182-3 Note de l'Éditeur. Voici ce que dit un témoin oculaire de ces divertissements pontificaux; il était maître de cérémonies du pape Alexandre VI. « Le dernier dimanche du mois d'octobre, cinquante honnêtes femmes qu'on appelle courtisanes soupèrent avec le duc de Valentinois dans son appartement, qui était dans le palais apostolique. Après le repas, elles chantèrent et dansèrent, d'abord habillées, ensuite toutes nues, avec les domestiques et les convives du duc. On mit plusieurs chandeliers à terre avec de grands flambeaux, et l'on plaça devant les chandeliers des châtaignes que ces courtisanes nues ramassaient, passant entre les chandeliers, marchant sur les mains et sur les pieds. Le pape, le duc et Lucrèce sa sœur étaient présents, et regardaient cette fête. Enfin, on exposa des étoffes de soie, des chaussures précieuses et plusieurs autres présents pour ceux qui connaîtraient le plus de ces honnêtes courtisanes; elles le furent à l'aspect de tous ceux qui étaient présents, et qui, juges des attaques amoureuses, distribuèrent le prix à ceux qui s'étaient le plus distingués dans ces combats. » J'adoucis les expressions latines; les voici en original : « Dominica ultima mensis Octobris in sero fecerunt coenam cum duce Valentinensi, in camera sua in palatio apostolico, quinquaginta meretrices honestae, cortegianae nuncupatae, quae post coenam chorearunt cum servitoribus et aliis ibidem existentibus, primo in vestibus suis, deinde nudae. Post coenam posita fuerunt candelabra communia mensae cum candelis ardentibus, et projectae ante candelabra per terrant castaneae, quas meretrices ipsae super manibus et pedibus nudae candelabra pertranseuntes colligebant, papa, duce et Lucretia sorore sua praesentibus et aspicientibus. Tandem exposita dona ultimo, diploïdes de serico, paria caligarum, bireta et alia, pro illis qui plures dictas meretrices carnaliter agnoscerent; quae fuerunt ibidem in aula publice carnaliter tractatae arbitrio praesentium, et dona distributa victoribus. » Specimen historiae arcanae sive anecdotae de vita Alexandri VI papae, seu excerpta ex diario Johannis Burchardi Argentinensis, capellae Alexandri VI papae clerici ceremoniarum magistri [edente G. G. L. (Leibnitio), Hanoverae, 1696, in-4], pag. 77.

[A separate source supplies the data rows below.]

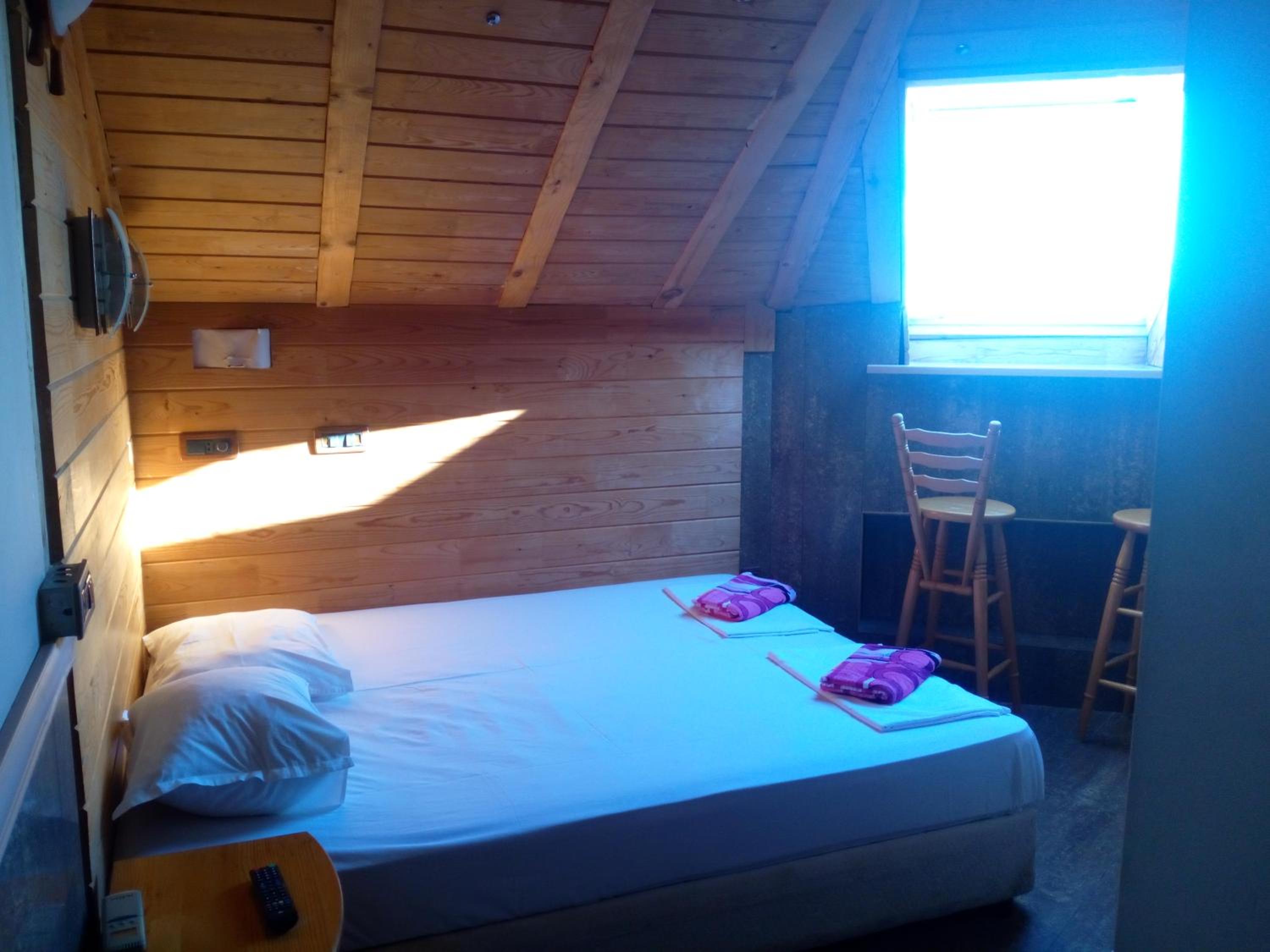Double Room - Attic photo 3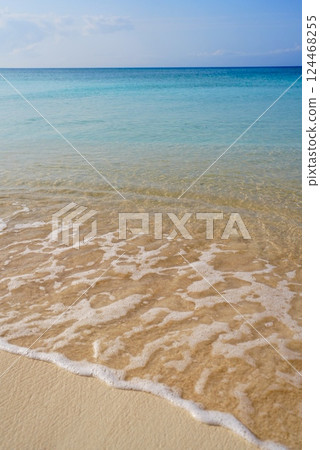 The emerald green sea and white sand beaches of Hateruma Island The emerald green sea and white sand beaches of Hateruma Island 124468255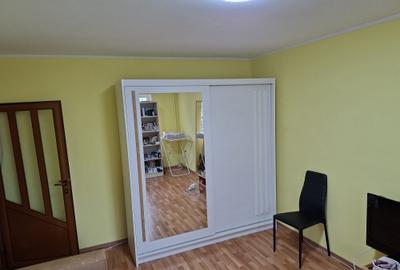 2 camere Tudor , Decomandat / Centrală , finisaje medii ! - 4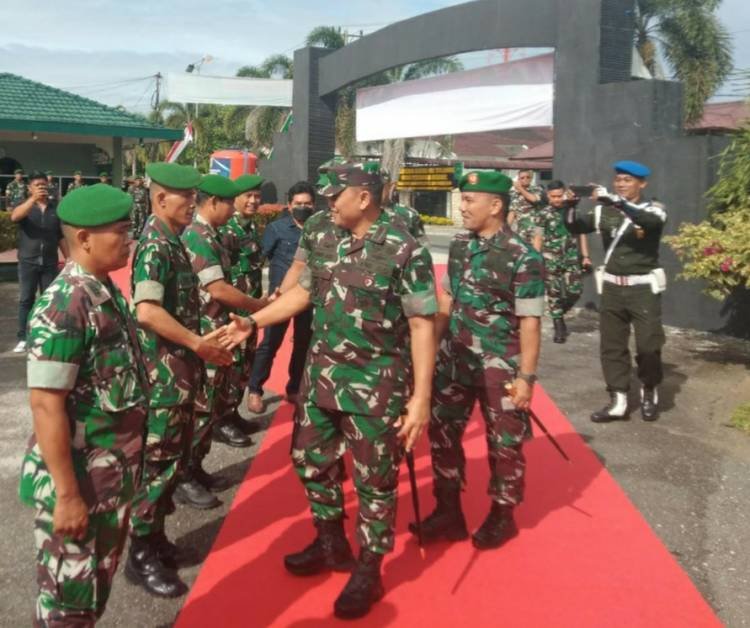 Danrem 022/Pantai Timur Kunjungan Kerja ke Kodim 0209/LB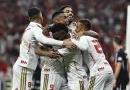 Bola na rede: Internacional goleia Vasco e sobe na tabela Bola na rede: Internacional goleia Vasco e sobe na tabela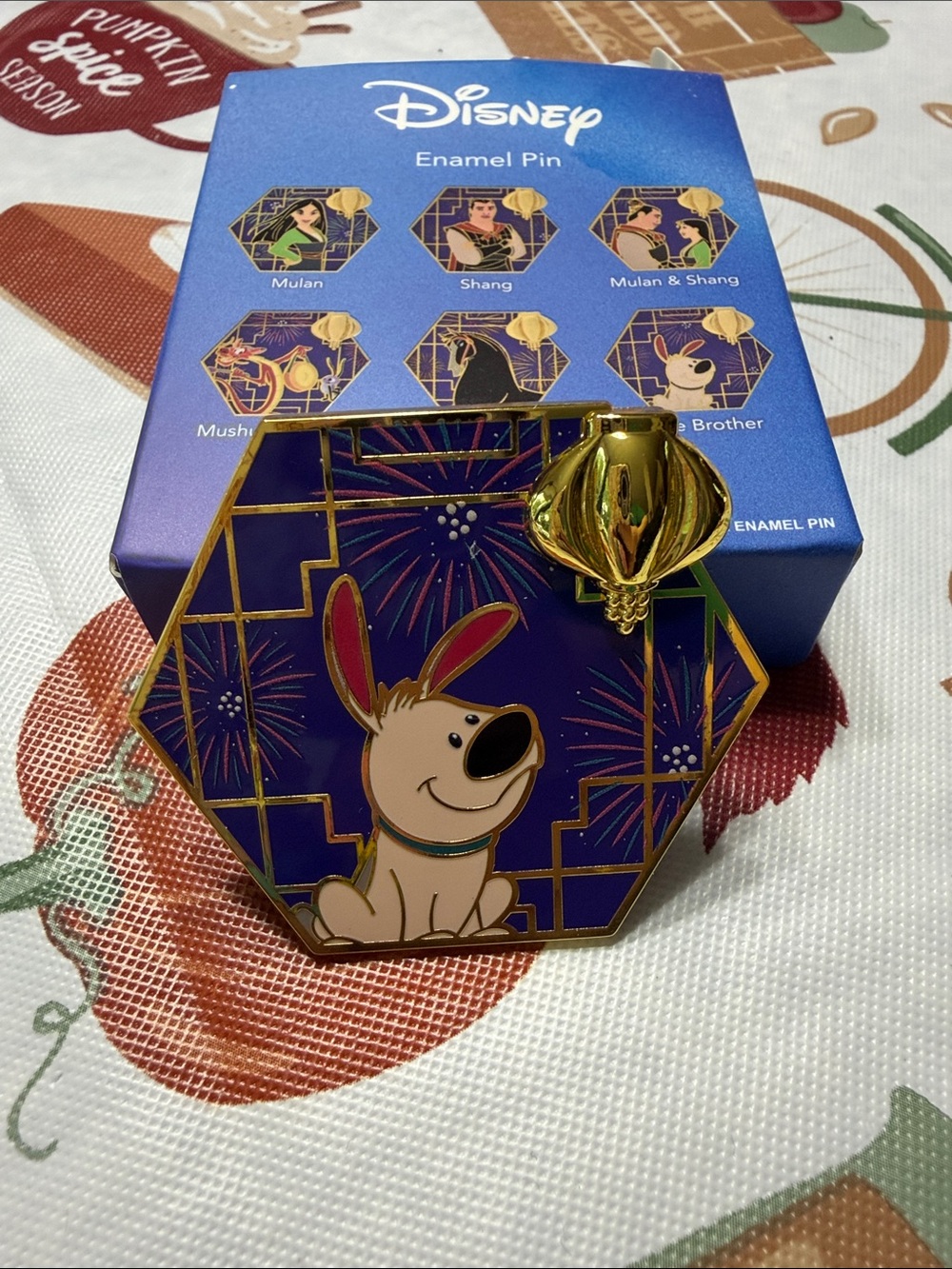 Disney mulan little brother dog pin with Gold Lantern on Purple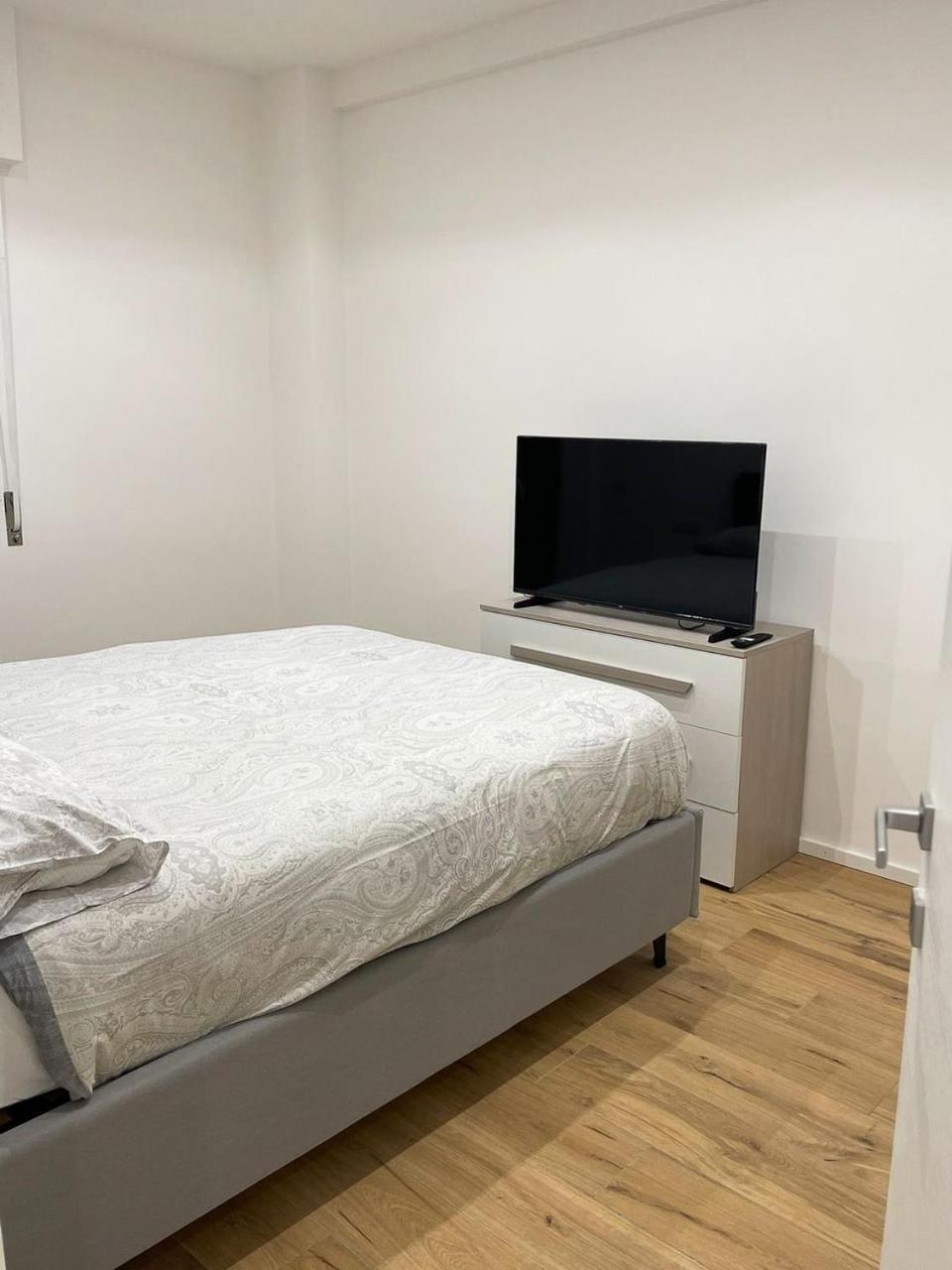Appartement Pm 34 Viale Imperatore - 50 Mt From Metro San Paolo *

     Quelque forte que paraisse cette partie de plaisir pour le vicaire de la Divinité sur terre, tous les gens qui réfléchissent penseront qu'un pontife qui fait danser des filles nues est bien moins dangereux pour le genre humain et pour toutes les différentes sociétés civiles qu'un pape qui protége les assassins des rois, qui trouve mauvais qu'un prince veuille punir ses meurtriers, qui insulte un sénat respectable, connive avec les rebelles, et les favorise contre leur légitime souverain; qui, bien loin de gémir d'une guerre qui fait répandre tant de sang en Europe, la fomente, l'entretient, insulte les princes qui sont séparés de sa communion, les aigrit contre le catholicisme, et donne à des généraux chrétiens, pour faire la guerre à d'autres chrétiens, les mêmes marques de distinction et de religion qui sont réservées à ceux qui font la guerre au Turc. Un seul pontife de cette espèce nuit plus à l'humanité que tous les papes qui ont vécu et qui pourront vivre dans les siècles futurs, quand ils feraient danser deux fois par jour des courtisanes nues, ramassant des châtaignes et marchant sur les pieds et sur les mains. Le Saint-Esprit devait bien être étonné de voir son organe et la bouche par laquelle il parle, avec quinquaginta meretrices honestae.